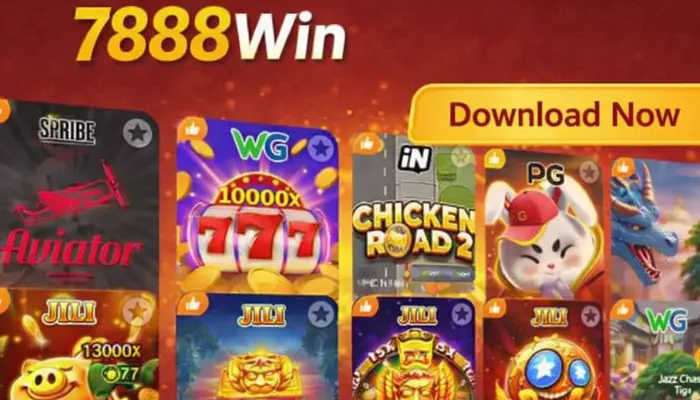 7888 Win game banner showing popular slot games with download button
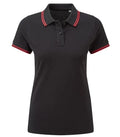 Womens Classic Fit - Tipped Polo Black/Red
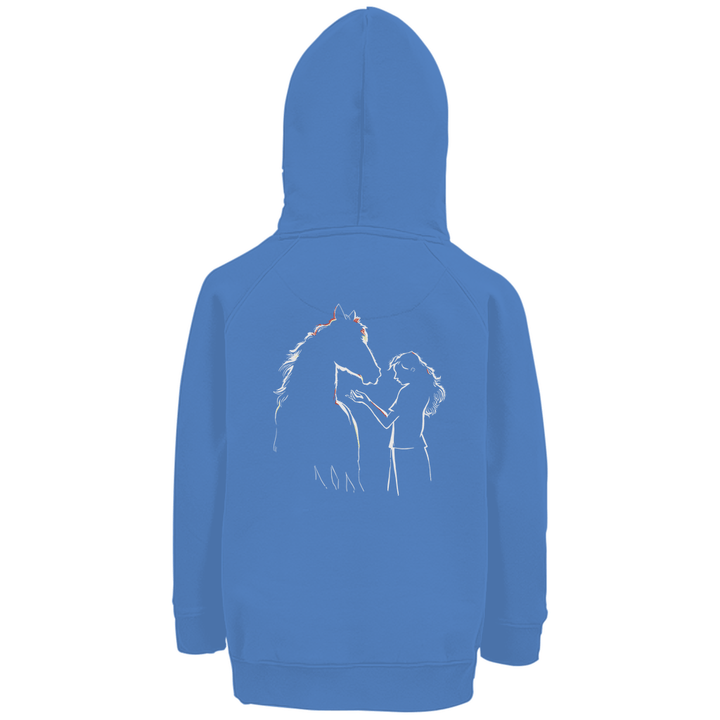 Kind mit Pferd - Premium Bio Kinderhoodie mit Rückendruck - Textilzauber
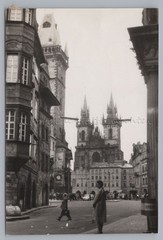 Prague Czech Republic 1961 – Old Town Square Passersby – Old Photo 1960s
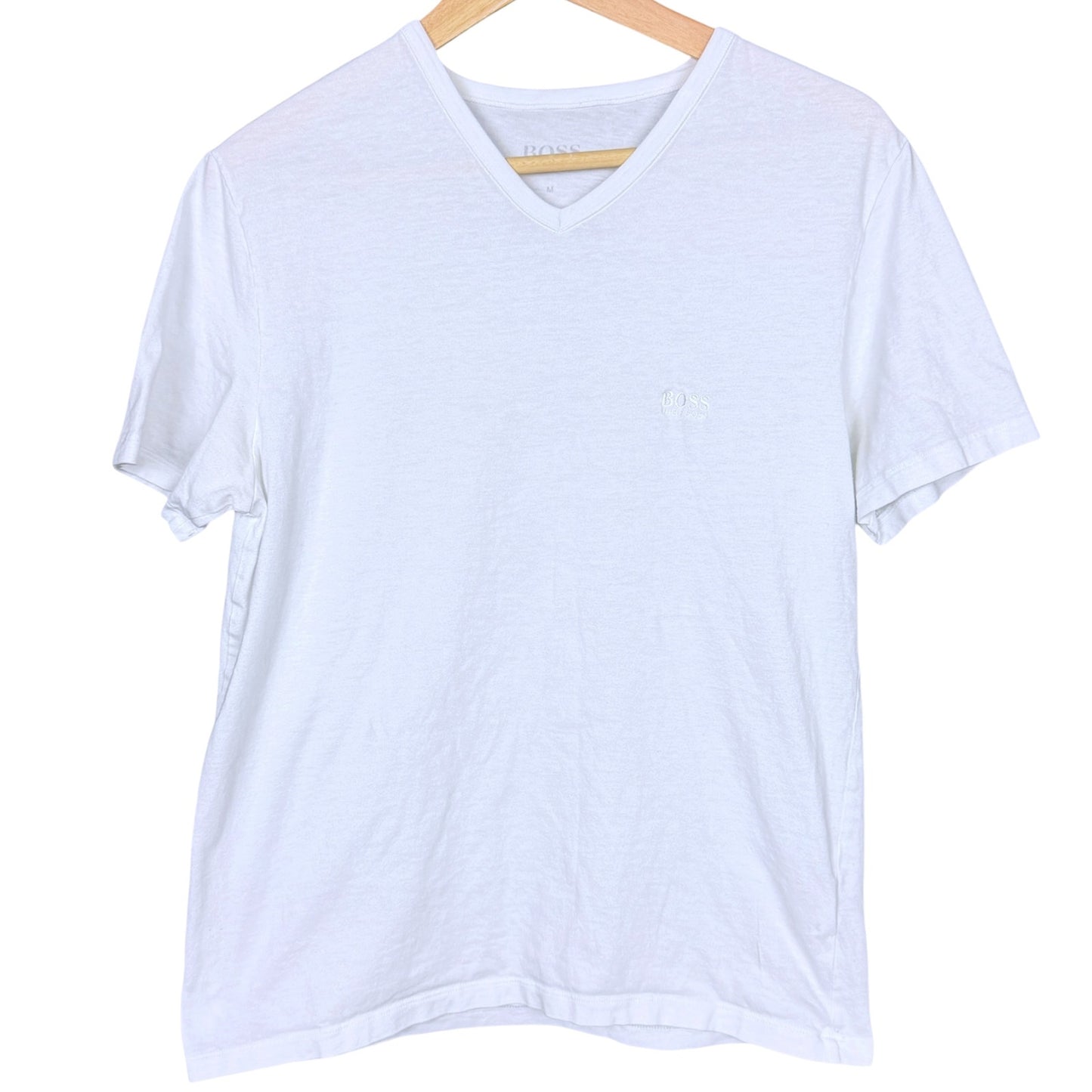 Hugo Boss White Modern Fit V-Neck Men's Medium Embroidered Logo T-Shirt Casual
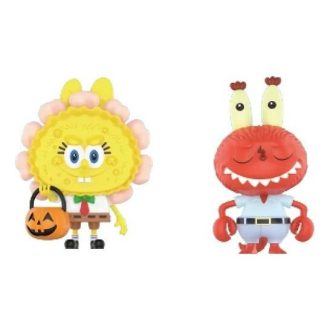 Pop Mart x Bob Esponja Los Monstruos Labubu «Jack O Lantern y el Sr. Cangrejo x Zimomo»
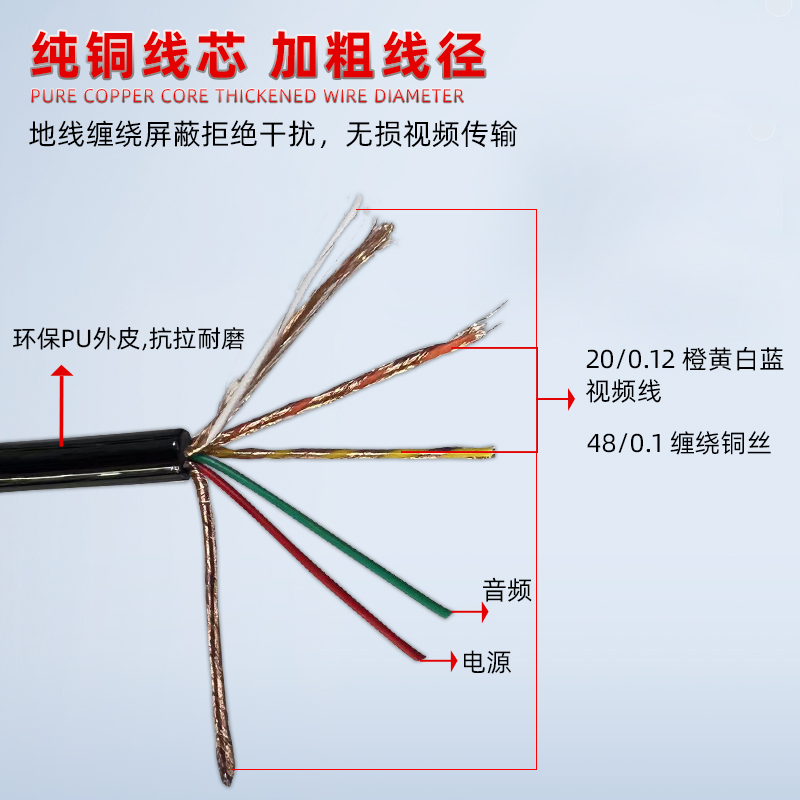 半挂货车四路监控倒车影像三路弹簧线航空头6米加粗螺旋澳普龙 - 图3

--

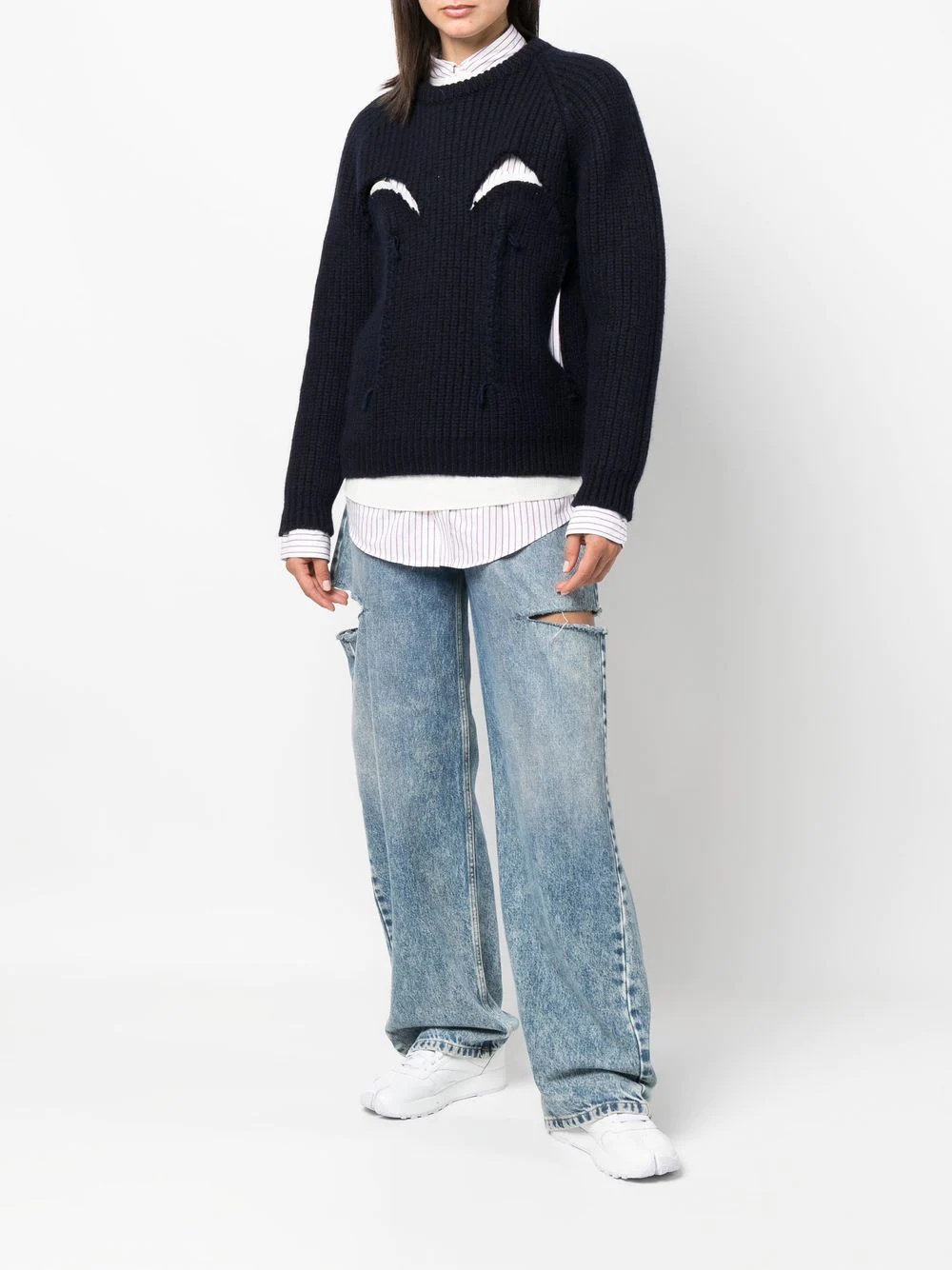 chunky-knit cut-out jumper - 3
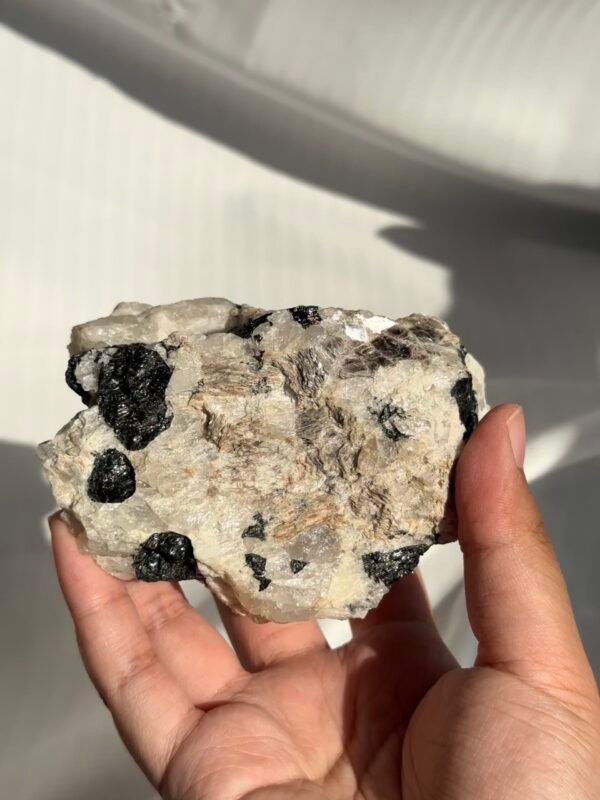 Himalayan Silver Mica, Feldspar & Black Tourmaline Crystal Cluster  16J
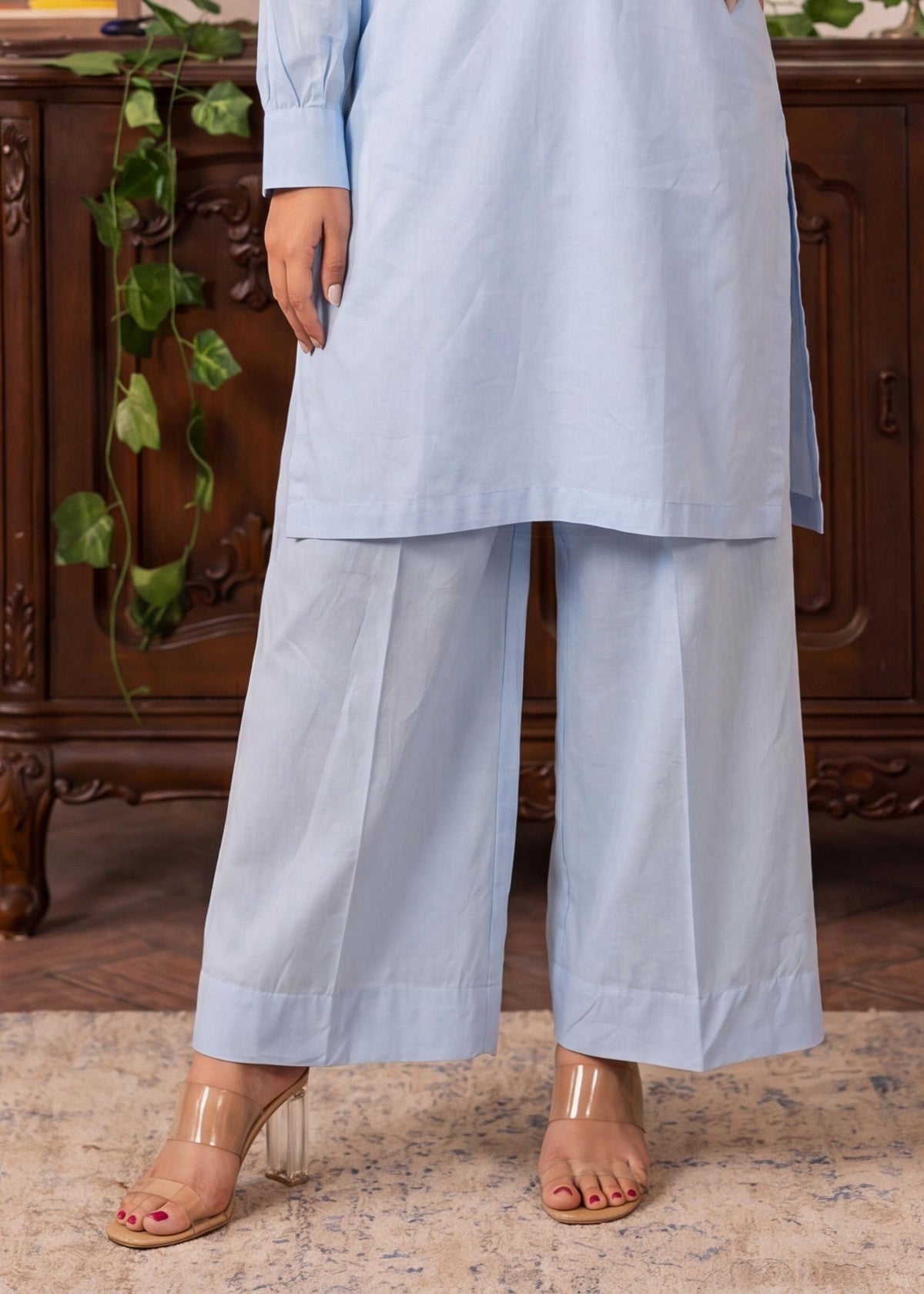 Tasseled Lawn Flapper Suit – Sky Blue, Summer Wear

---

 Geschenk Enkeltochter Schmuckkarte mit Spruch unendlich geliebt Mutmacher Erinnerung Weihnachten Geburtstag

* **Instructions to follow**: From the records above, extract the lines from the one holding "Himalayan Silver Mica, Feldspar" through the one holding "Tasseled Lawn Flapper", word for word; omit the pictures.

* **Exercise output**:
 Himalayan Silver Mica, Feldspar & Black Tourmaline Crystal Cluster  16J
 Tasseled Lawn Flapper Suit – Sky Blue, Summer Wear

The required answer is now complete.